If he has new ideas on how to accomplish that, Easter is saving them for his July report to ministers.

He said the solution is to make sure that market power tools such as supply management agencies are not lost in trade talks. However, that model of protected markets and production controls is not appropriate for all sectors, including those that depend on export sales.

“But somehow, we have to take on the multinationals that dominate the market,” said Easter.

Al Mussell, senior research associate at the George Morris Centre in Guelph, Ont., said the real answer is to convince more farmers to become a part of value chain agreements that give them contracts both with input suppliers and buyers that provide returns to keep them viable.

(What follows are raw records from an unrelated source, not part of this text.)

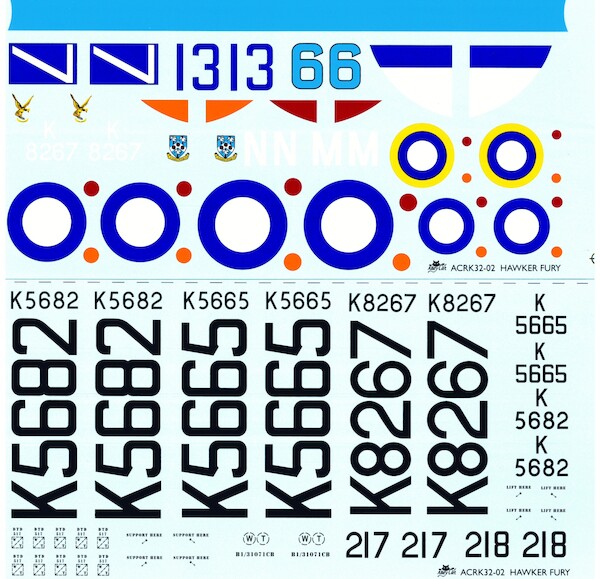 Hawker Fury MK1 Decal and white metal upgrade set (RAF Training) ac32016c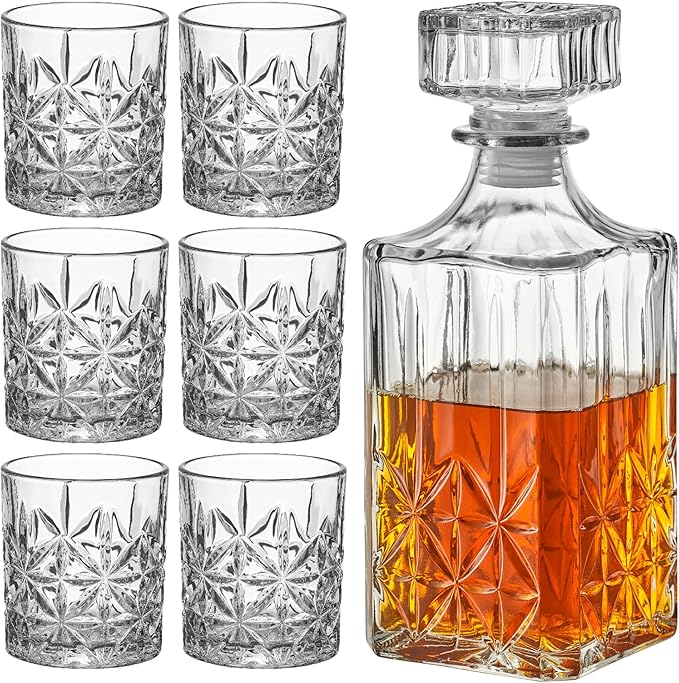 Style Setter Whiskey Decanter Set with Glasses - Prestigious Whiskey Set with 25oz Liquor Decanter and 6 Glasses - Upscale Whisky Decanter & Glass Set - Birthday Gifts Fathers Day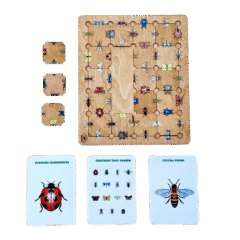 Puzzle drewniane Owady - gra logiczna Montessori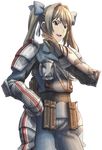  blue_ribbon brown_eyes brown_gloves brown_hair edy_nelson gloves hair_ribbon hand_on_hip long_hair military military_uniform official_art ribbon senjou_no_valkyria senjou_no_valkyria_1 solo transparent_background twintails uniform 
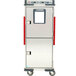 A silver stainless steel Metro C5 T-Series heated holding cabinet with wheels.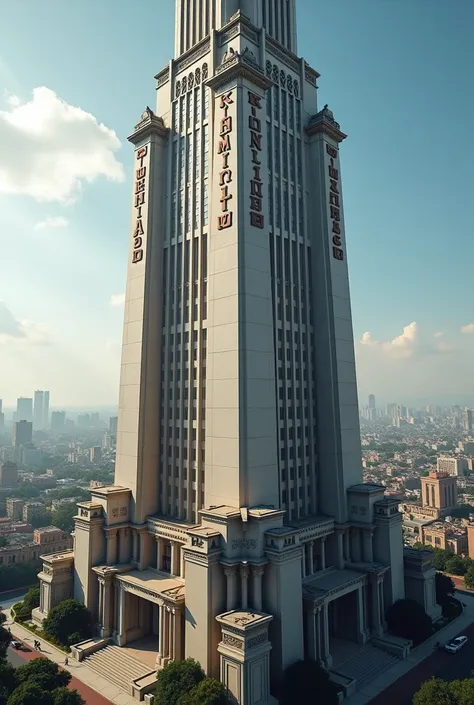 A tall building on which its written the empire of knowledge 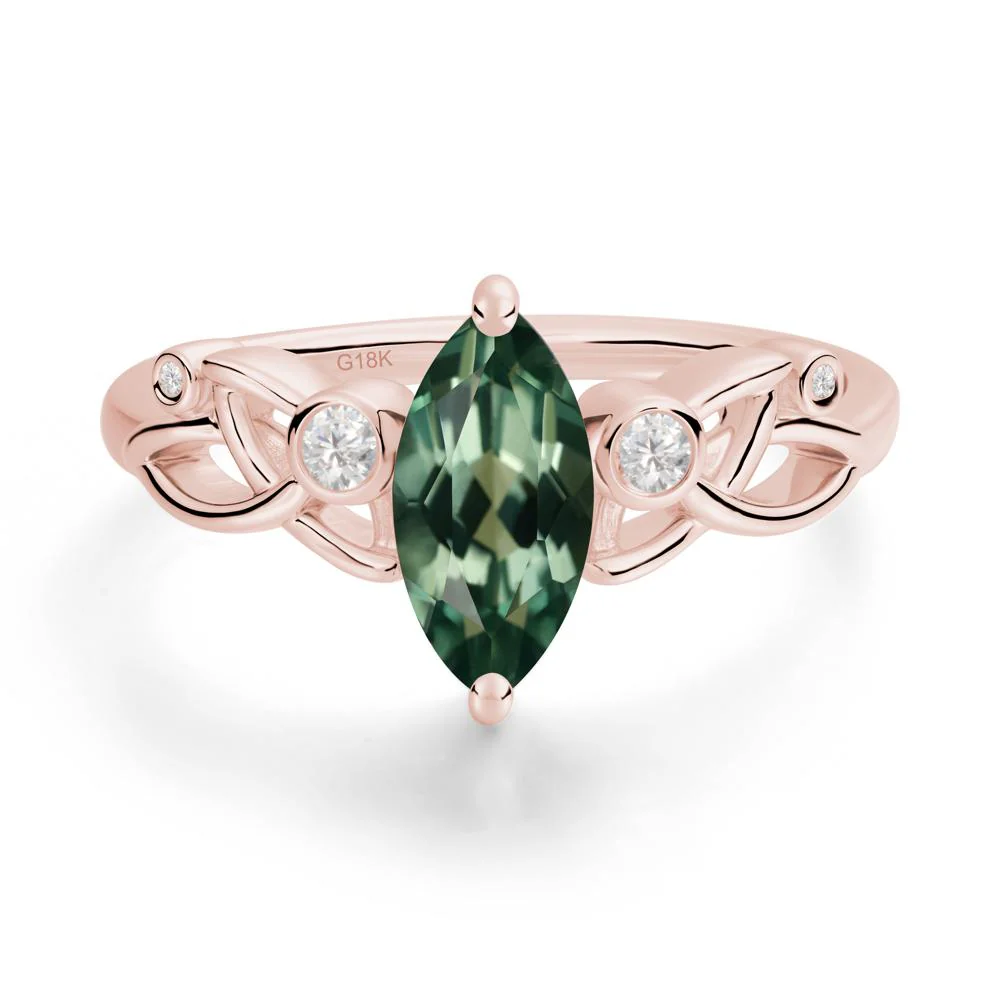 Marquise Cut Green Sapphire Celtic Ring - Image 7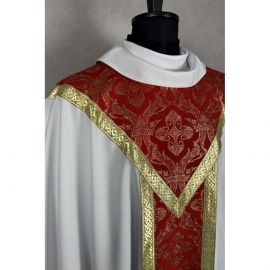 Ornat semi gotycki + stuła, kolor biały, tkane pasy (46K)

“I think it will take a willingness to work with other people in the chain,” Mussell said.

He argued that dependence on government support is at best a temporary measure and an impediment to change.

National Farmers Union president Stewart Wells from Swift Current, Sask., scoffs at that proposed solution as long as farmers are the economically weak link.

“Farmers will be chewed up in the gears of the value chain and spit out one after another,” he said.

Wells’s answer for getting off the government support treadmill is to support and strengthen orderly marketing and to reduce the government obsession of considering increased exports as the basis of the farm economy.

For Canadian Federation of Agriculture president Bob Friesen, farmer participation in contracts with buyers and suppliers is “a glib answer” to a deeper problem. Until ways are found to rebalance market power, governments must be ready to support the sector, he said.

“We are a long way away from governments being able to back away from safety nets and being able to back away from ad hoc payments.”